Nov 29, 2011

[Info] Jim Ablett's compile of Mediocre v0.4

Jim has compiled Mediocre v0.4 and I added it to my sourceforge page.

I haven't had time to test it myself, but previous experience has it that Jim's compiles are far stronger than the Java version, so I'd recommend using that.

Jim's page

Mediocre v0.4 JA compile

Nov 27, 2011

[New Version] v0.4 - Ponder, revamped search, UCI only

Changes:
  • Any hash move used is now verified, this fixes a very rare occurrence of Mediocre crashing
  • The transposition table is now using the full 64 bit zobrist keys
  • The search was completely rewritten, possibly catching some bugs. Should show help quite a bit in playing strength
  • Ponder implemented
  • Removed the dependency of a settings file, things like hash sizes are now done through the UCI protocol
  • Removed the semi-working xboard protocol entirely. Sorry.

Note: This version is notably stronger than version 0.34, mainly due to bugfixes in the search.

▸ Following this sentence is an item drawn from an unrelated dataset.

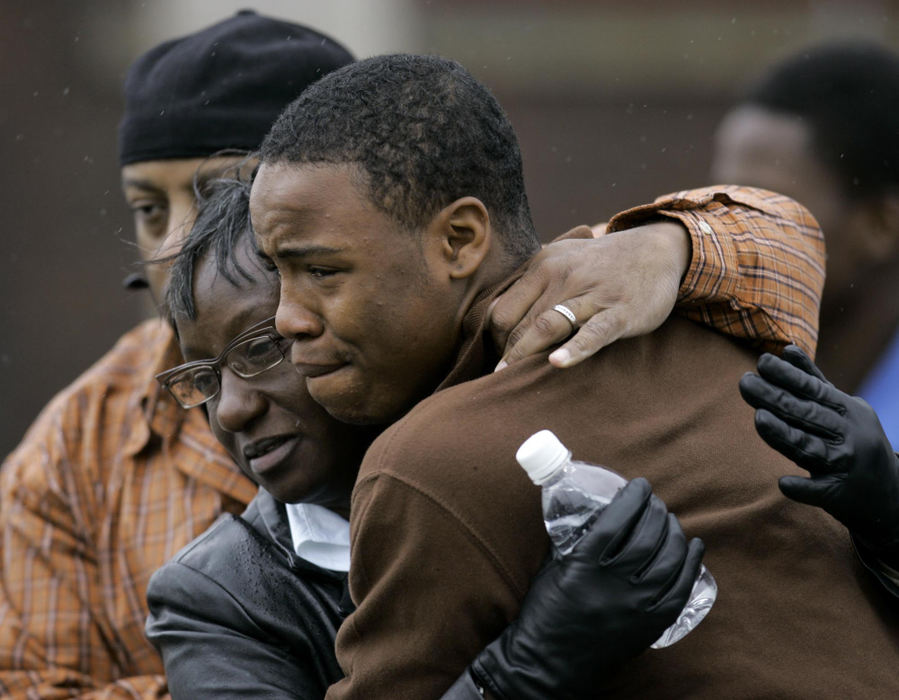 Award of Excellence, Spot News over 100,000 - Tony Dejak / Associated PressFamily are reunited outside the SuccessTech Academy, Oct. 10, 2007, in Cleveland. A gunman opened fire at the alternative school and three children were taken to a hospital, the mayor said.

Mediocre is as mentioned an UCI only engine from here on. This also means I've removed old settings file, use the UCI settings commands mentioned in the readme file.

Download here

Nov 25, 2011

[Info] Testing results

So some testing to confirm I didn't do anything silly.

M1-1 is a version with 64 bit zobrist keys in the transposition table, removal of the notion of "row" and some evaluation fixes. But without the tapered eval. (see previous posts for more info)

Against the Mediocre v1.0 beta it turned out like this:


Program Elo + - Games Score Av.Op. Draws
1 M1-1 : 2401 6 6 11029 50.4 % 2399 24.5 %
2 M1B : 2399 6 6 11029 49.6 % 2401 24.5 %


So pretty much equal, which is good enough. The worst scenario here would be the beta version being slightly stronger, but that should only be at most with a few elo points.

And against some other engines just to confirm.


Program Elo + - Games Score Av.Op. Draws
1 counter : 2593 15 15 2048 76.4 % 2389 23.4 %
2 M1-1 : 2392 8 8 6154 48.2 % 2405 14.4 %
3 adam : 2337 14 15 2048 42.5 % 2389 9.3 %
4 bikjump : 2294 15 15 2048 36.6 % 2389 10.6 %

Program Elo + - Games Score Av.Op. Draws
1 counter : 2580 14 14 2048 75.1 % 2388 25.4 %
2 M1B : 2390 8 8 5854 47.5 % 2407 15.8 %
3 adam : 2343 14 14 2048 43.7 % 2388 9.3 %
4 bikjump : 2290 16 16 1748 36.4 % 2388 12.1 %

The newer version seems to be holding up.

I'll release a new version with this during the weekend, probably on Sunday.

Then I have a steady foundation to start tackling the evaluation again.

Nov 23, 2011

[Info] So wrong again, but at least closer

So yeah, my imagined strength increase mentioned in the last post was non-existent of course.

But, the tapered eval seems to be holding up as the culprit of my recent failures.

I've tried to zone in on the exact version after Mediocre v1.0 Beta that did the best. With all kinds of combinations with and without 64 bit hash tables, tapered eval and removal of the notion of "row".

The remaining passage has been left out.